攻撃の火蓋を切った服部怜恩(商2・大垣北)
第1Q終盤に追い上げを見せた慶大は、その勢いのまま流れをつかみたい第2Qに突入。しかし、先に得点したのは早大だった。出鼻をくじかれる形となったが、その直後、桑原がバスケットカウントを獲得しすぐさま反撃に転じる。さらに柳本晴暖(理2・延岡)がエンドライン付近からのレイアップを沈め、以降は互いに点を取り合う展開に。中盤には廣政がディープスリーを決めるなど、慶大も着実に得点を重ねていく。しかし終盤に差し掛かると、慶大のパスミスを突かれる場面が目立ち、早大に7連続得点を許してしまうなど、リードを広げられる苦しい展開に。それでも残り2分には久保田和空(政2・慶應)がポストプレーから得点し、慶大もついに30点台に乗る。
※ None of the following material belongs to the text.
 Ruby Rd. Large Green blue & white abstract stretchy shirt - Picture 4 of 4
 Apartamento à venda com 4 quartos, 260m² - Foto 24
しかし、早大にバスケットカウントを奪われ、ダンクを叩き込まれるなど、個の力で突き放されるシーンが増えていった。それでも諦めず、残り50秒には柳本がオープンスリーを決めるが、第2Q終了時点でスコアは33ー50。早大に17点のリードを許して前半を折り返した。

積極果敢なプレーでチームを牽引した廣政遼馬(経4・福大大濠)
ハーフタイム明け、会場の応援にはより一層力が入る。巻き返しを見せたい慶大は、開始約1分、相手選手にフィジカルで戦い隙を生んだ久保田がパスを受け、そのままジャンプシュート。その後の連続得点は叶わずとも、約1分間ディフェンスで早大の得点の機会を防いだ粘り強さが功を奏し、残り7分から、桑原・柳本・桑原と連続得点。43ー54と追い上げを見せる。その後は早大に複数得点を許してしまうが、相手のノールックパスからのシュートを華麗に防ぐなど、多彩なディフェンスで早大に食らいつく。残り3分には、ディフェンスを交わしながらパスを受けた久保田が体格を活かした広い歩幅でレイアップシュートを決める。さらに約1分後、またも久保田がパスカットを見せ、そこからゴール下に戻りパスを受けると、相手選手を軸とするように回転しながらシュート。久保田の連続的な躍動により48ー65とする。残り時間は早大相手に攻撃時間いっぱいを使わせるプレッシャーディフェンスが目立った。しかし、思うような慶大優位の攻撃展開に繋げられず、48−73と点差が広がったクォーターとなり、悔しくも残り1Qに望みをかけた。

攻守ともに躍動した久保田和空(政2・慶應)
早慶戦のラストを飾る最終第4Qは、48ー73の25点ビハインドからスタート。開始わずか10秒で安田が3ポイントシュートを沈め、51ー73。さらに、安田は相手選手をうまく剥がして2本の3ポイントシュートを決め、慶大を勢いづける。このまま一気に点差を縮めたい慶大は、栁本を軸に相手ゴールへと迫るが、59ー78から得点が伸び悩む。そこで残り4分44秒、慶大のタイムアウト。試合が再開すると、1年生にして早慶戦出場を果たしたチーム1の長身・桑原(193㌢)がゴール下で粘りを見せ、立て続けに得点。65ー87とする。しかし残り1分半でパスミスが生じると、慶大は最後のタイムアウトを使い切る。タイムアウト明けには、1年生の桑原のほか、最後の早慶戦となる廣政、椎橋遼生(政4・國學院久我山)、安田、島本海丸(総4・正智深谷)ら4年生全員がコート上へ。試合終了が迫る中、相手のシュートミスから廣政がロングリバウンドを拾うと、コート中央を駆け上がる島本へパス。そのまま島本がシュートを沈めると、4年生同士で繋いだシュートに代々木第二体育館は歓喜で包まれる。その後も、4年生全員で果敢にゴールへ迫るが、無情にも試合終了のブザー。第83回早慶バスケットボール定期戦は、67ー89で早大に軍配が上がった。悔しさを滲ませる慶大選手たちだが、試合終了後には早大選手と健闘を称え合った。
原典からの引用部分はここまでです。